Short web captions:
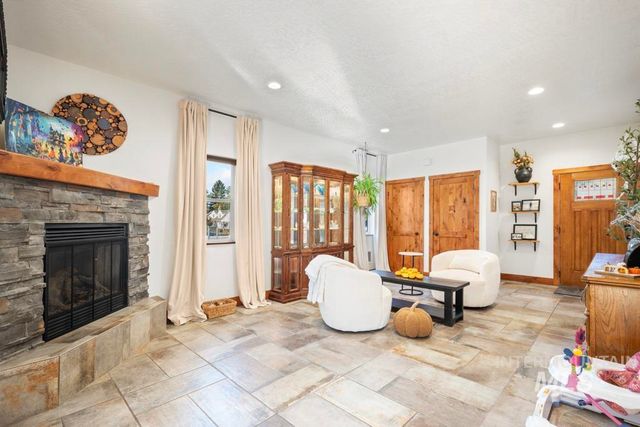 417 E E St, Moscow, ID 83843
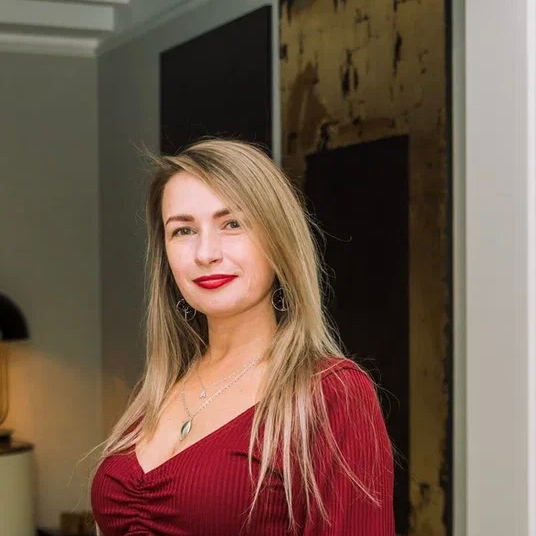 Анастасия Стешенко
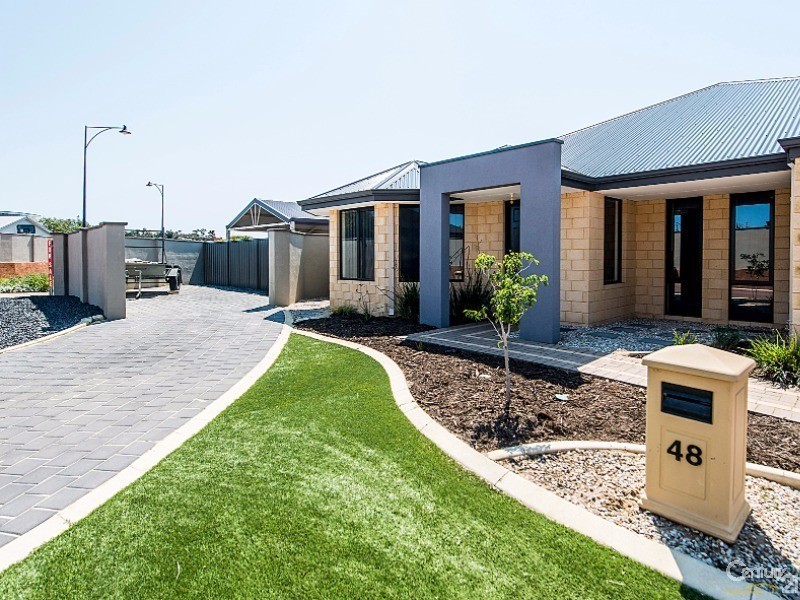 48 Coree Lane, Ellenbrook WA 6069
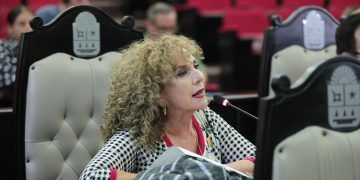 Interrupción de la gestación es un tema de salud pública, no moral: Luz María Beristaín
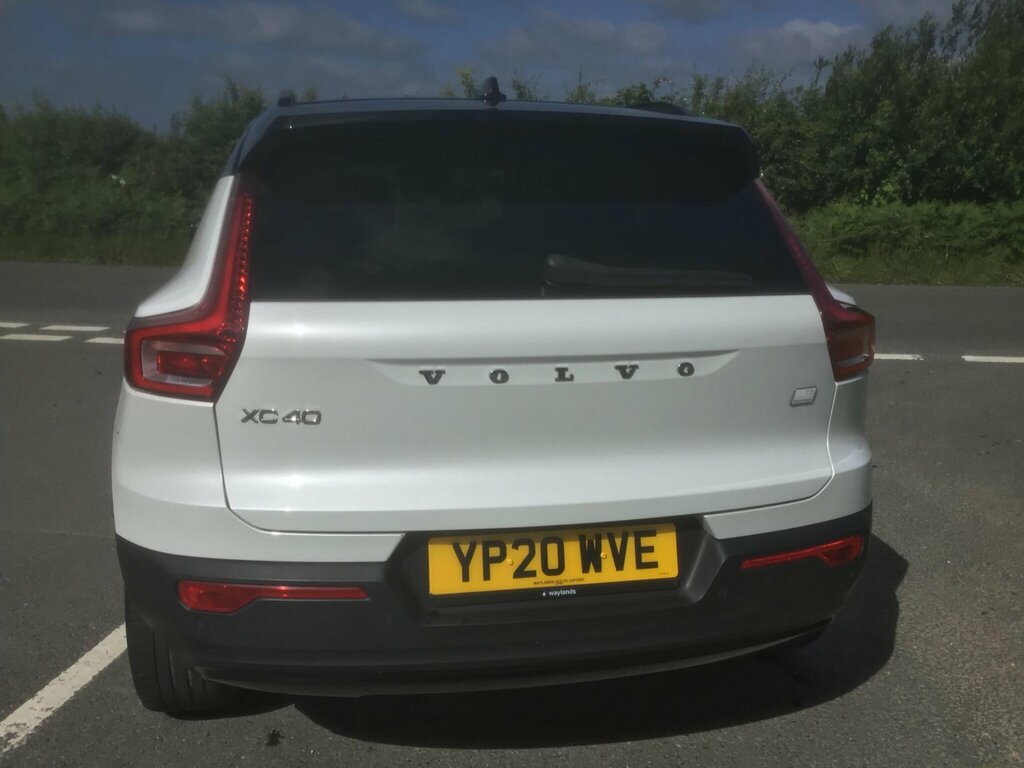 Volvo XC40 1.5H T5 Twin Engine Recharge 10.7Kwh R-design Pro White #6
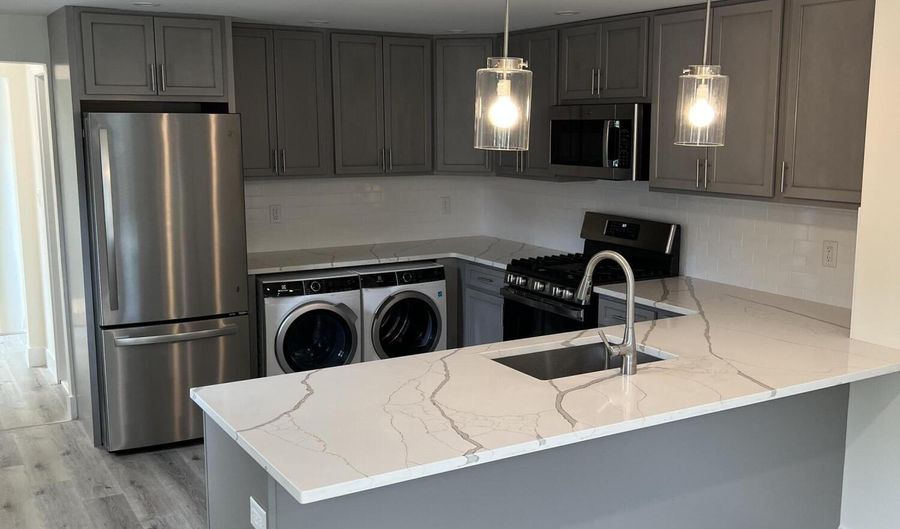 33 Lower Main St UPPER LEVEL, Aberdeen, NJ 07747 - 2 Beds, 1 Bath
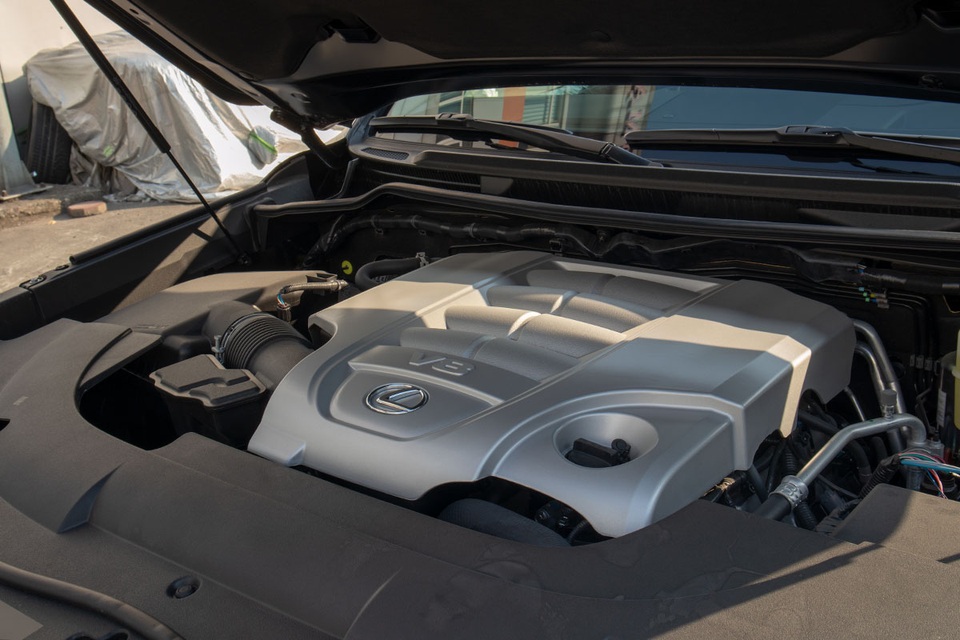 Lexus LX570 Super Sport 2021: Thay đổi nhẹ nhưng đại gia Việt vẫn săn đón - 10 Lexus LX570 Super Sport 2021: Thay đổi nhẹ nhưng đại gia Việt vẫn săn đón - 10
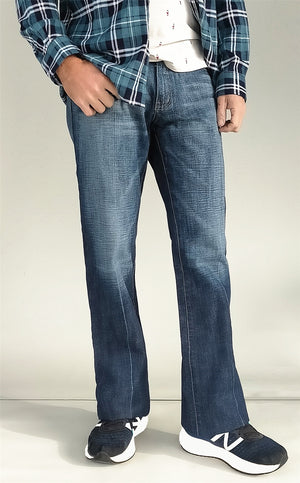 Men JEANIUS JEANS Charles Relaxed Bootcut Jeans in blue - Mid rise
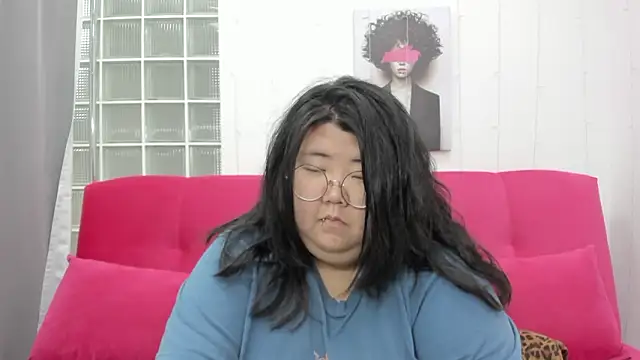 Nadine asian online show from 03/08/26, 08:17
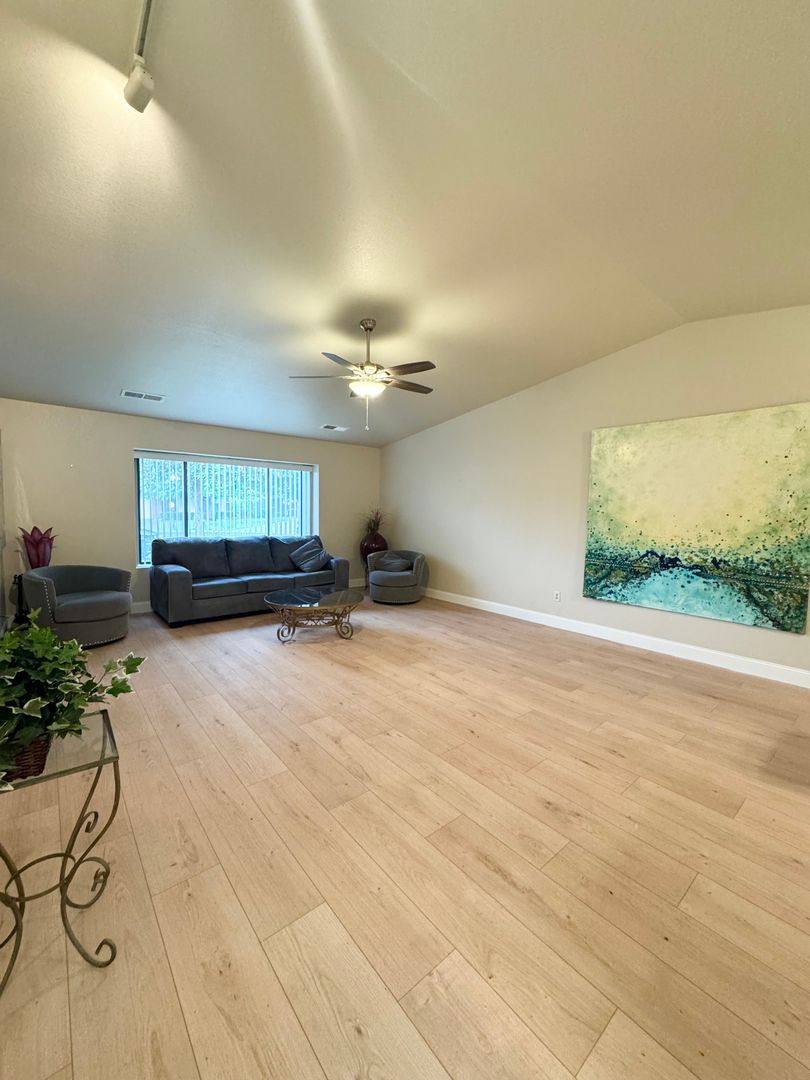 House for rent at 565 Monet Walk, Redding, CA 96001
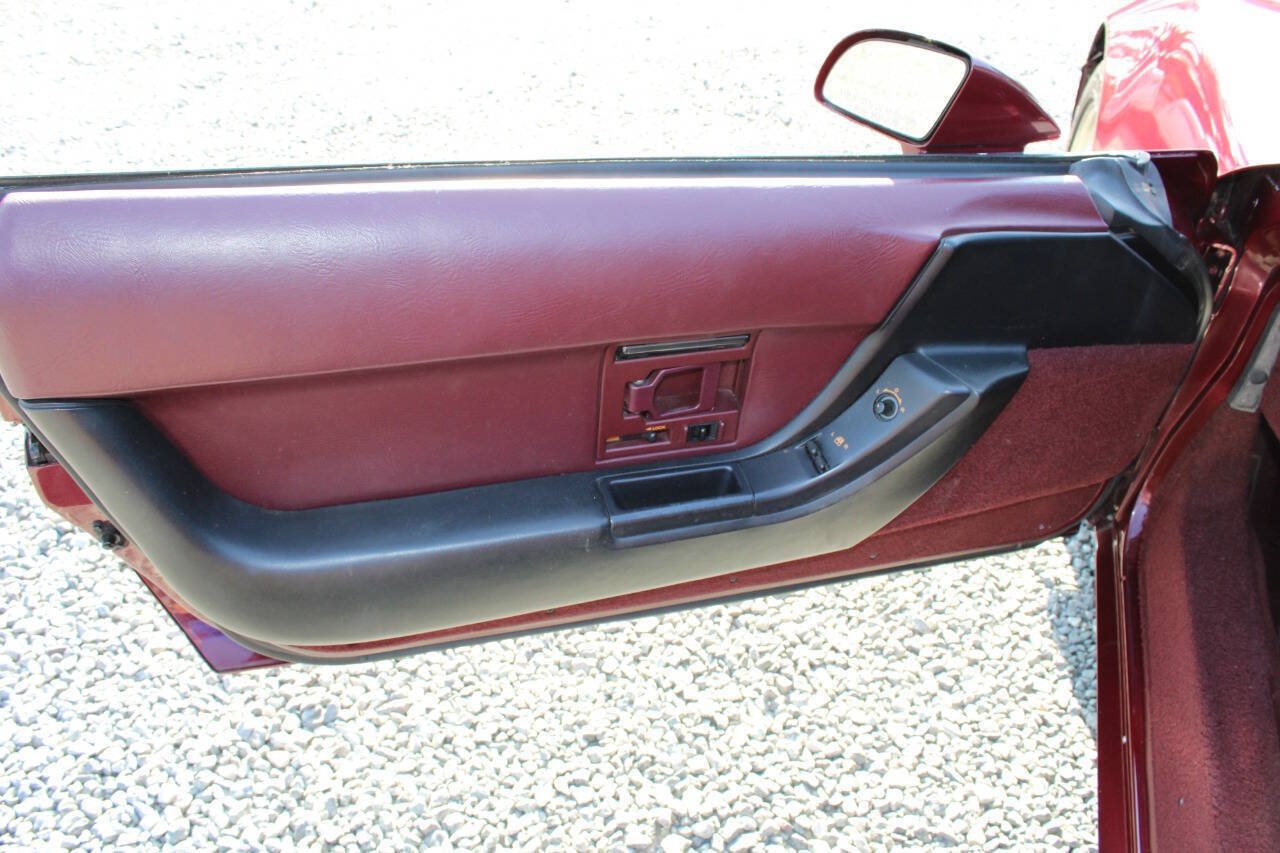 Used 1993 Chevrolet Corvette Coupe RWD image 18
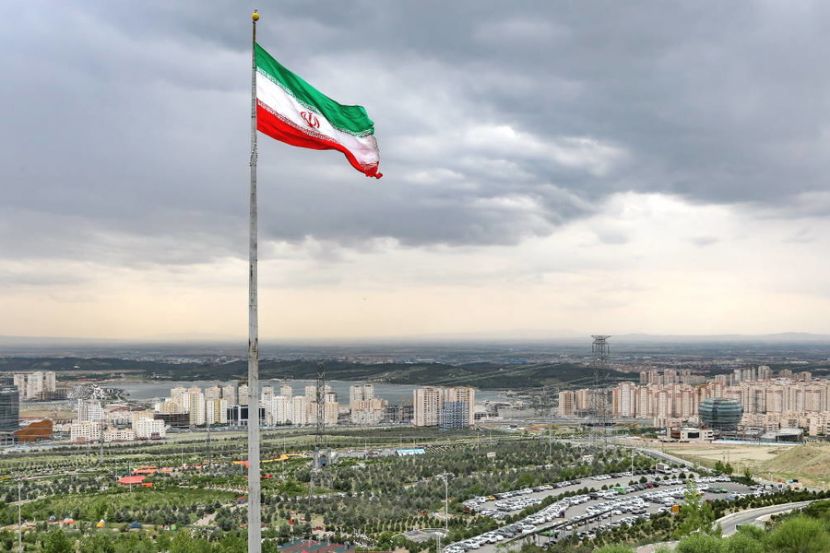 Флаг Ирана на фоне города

■ **AIM OF THE EXERCISE**: Reproduce exactly, and only, the lines from the one containing "House for rent" through the last line of the records above, both included, leaving out any pictures.

■ **EXERCISE RESULT**:
 House for rent at 565 Monet Walk, Redding, CA 96001
 Used 1993 Chevrolet Corvette Coupe RWD image 18
 Флаг Ирана на фоне города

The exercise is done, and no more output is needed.